|
|
Archives of the TeradataForum
Message Posted: Thu, 21 Aug 2003 @ 07:30:37 GMT
Subj: | | Re: Deleting dupes from multiset tables without rowid |
|
From: | | Dieter Noeth |
Christian Schiefer wrote:
| Since V2.0.0.24 there is a new internal parameter "Rowid_enabled", which is FALSE by default. | |
Interesting... Probably because of the 10 Bytes compared to 8 Bytes < V2R5?
| This means: "select rowid, t01.* from t01" does not work anymore. The construction of a join index using rowid is still
possible and will work. | |
| If you set "Rowid_enabled" to TRUE, you can still "select rowid ..." | |
So i would enable it ;-)
| NCR plans are not to allow a "select rowid" from V2R5.1 and upwards for compatibilty reasons ..... One should use the new
identity column, which is introduced in V2R5. | |
| Many large tables are Multiset (performance reasons, etc ... ). Alter table to add an identity column is a.) not possible and b.)

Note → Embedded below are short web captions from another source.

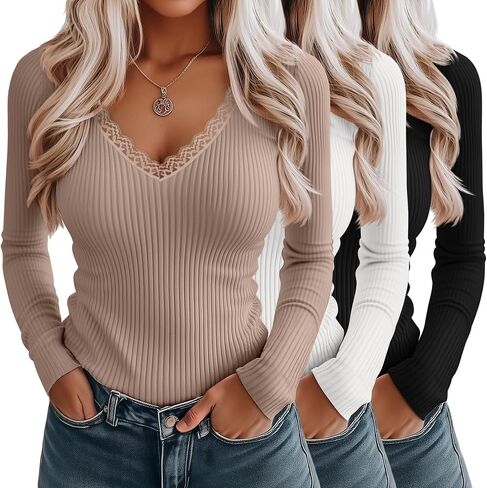 3 Pack Women's Long Sleeve Shirts, Cotton Knit T-Shirts Deep V Neck Lace Tees Slim Fit Tops Ribbed Y2k Blouses in Saudi Arabia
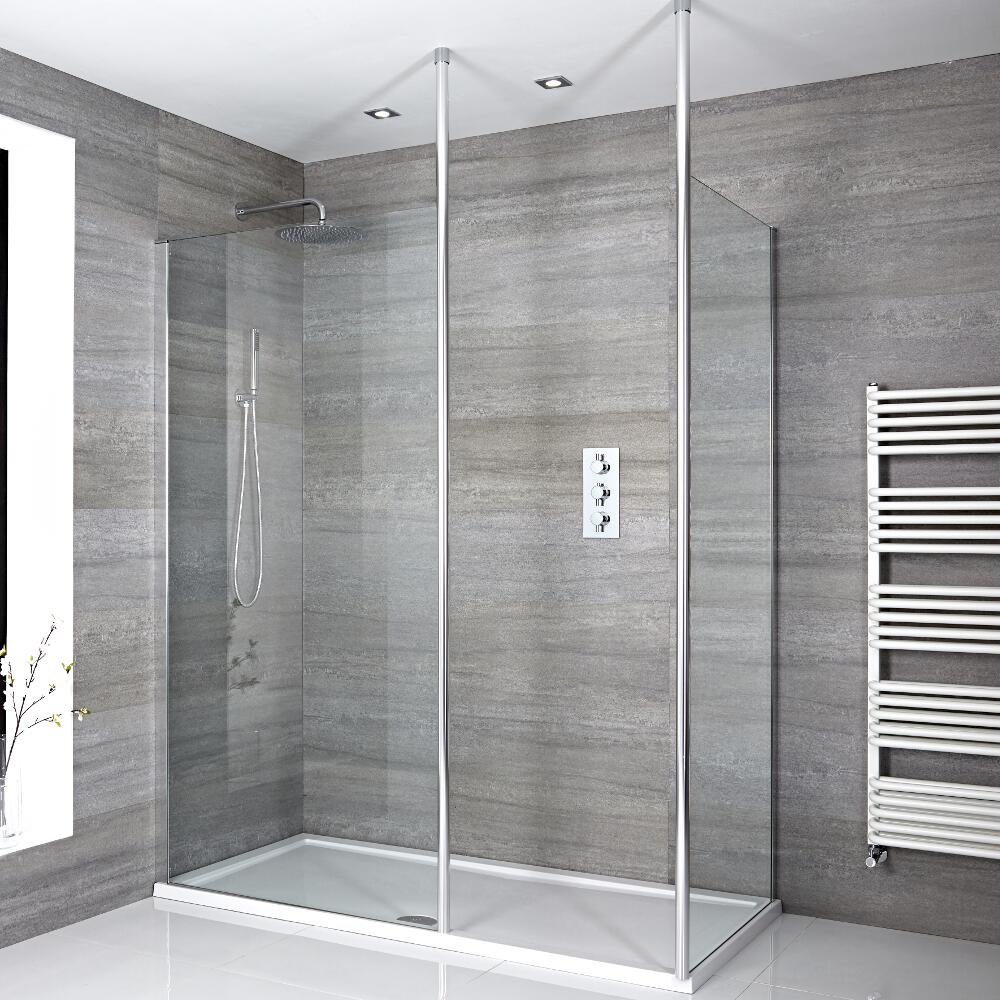 2 - delige Inloopdouche Combi Chroom Bevestigingspaal & Pearlstone Douchebak 170 x 80cm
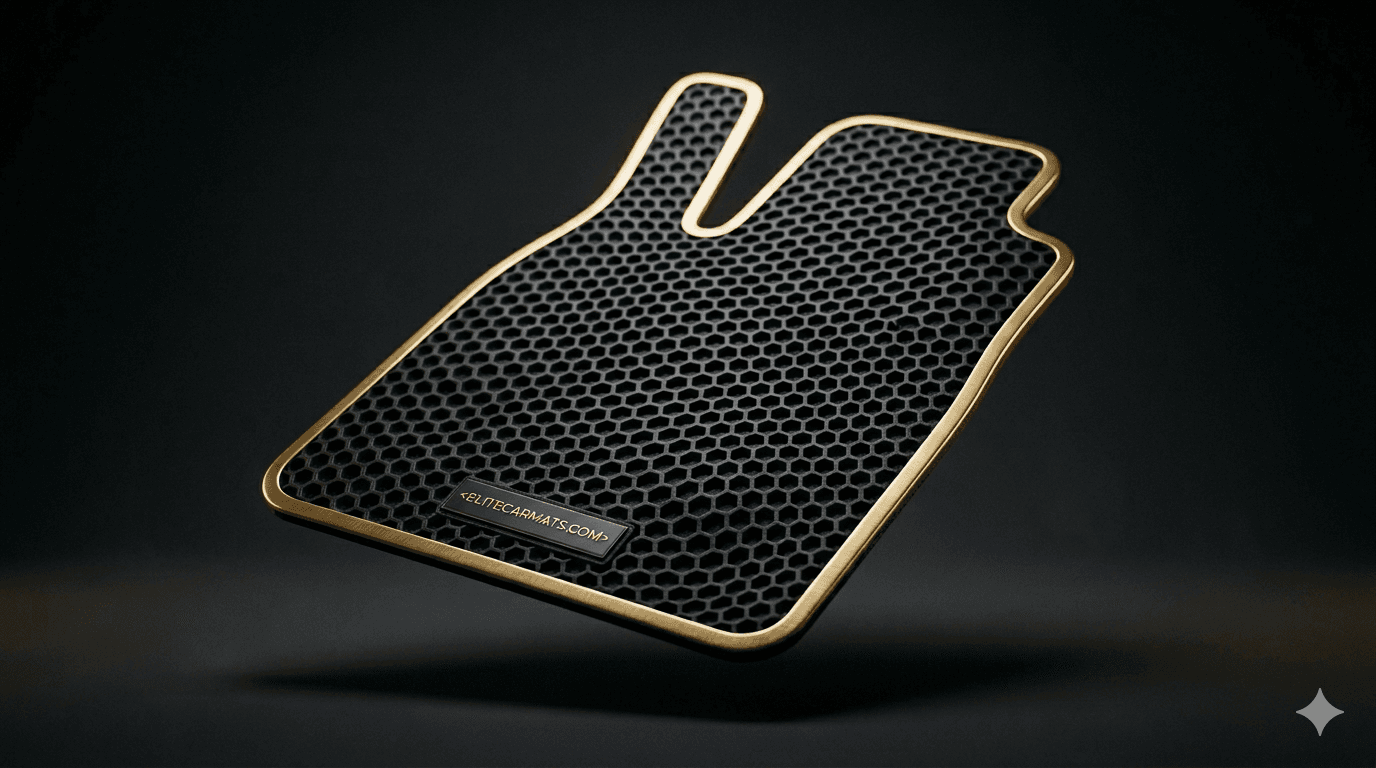 Premium black EVA car mat with honeycomb texture and gold edging, ELITECARMATS.COM brand tag stitched on the side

would suck for performance reasons anyway. | |
Why, i'd expect it no to be much slower than adding a new NOT NULL column.

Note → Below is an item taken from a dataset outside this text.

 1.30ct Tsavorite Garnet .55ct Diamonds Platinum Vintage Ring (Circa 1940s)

| I think, the only way to add an identity column is an "insert into select *", which may not possible because of lack of free
diskspace. | |
| With rowid not possible anymore and no identity column, the only way to get rid of unwanted dupes would be: | |
| 1.) create table large_table_dupe as identity_col, *.large_table. | |
| 2.) Get the dupe records into large_table_dupe: | |
| insert into large_table_dupe
select identity_col
, all_cols from (
select all_cols
count(*)
from large_table group by all_cols having count(*) > 1 ); | |
| 3.) delete all dupes in large_table_dupe: | |
| delete from large_table_dupe
where identity_col not in (
select max_id from
( select max(identity_col) max_id
, all_cols
from large_table_dupe
group by all_cols ) t01 ); | |
?? There's only one cope per row in that table (Hint: you used group by) And it would matter if there were dupes for the next
step...
| 4.) delete all dupes from large_table: | |
| delete from large_table
where all_cols in ( select all_cols from large_table_dupe ); | |
| 5.) Get some rows in again: | |
| insert into large_table select all_rows from large_table_dupe; | |
| My question: What do you think of it? This solution is not very straight forward. | |
Why don't you use:
create newtable as oldtable with no data;
insert into newtable
select al_cols from oldtable
group by all_cols
having count(*) > 1
;
delete from oldtable
where (all_cols) in
(select all_cols from newtable);
insert into oldtable
sel * from newtable;
If there's only a small number of dupes, this is quite fast.
And if there's enough space availabe:
create newtable as oldtable with no data;
insert into newtable
select distinct * from oldtable;
drop table oldtable;
rename newtable to oldtable;
Dieter
| |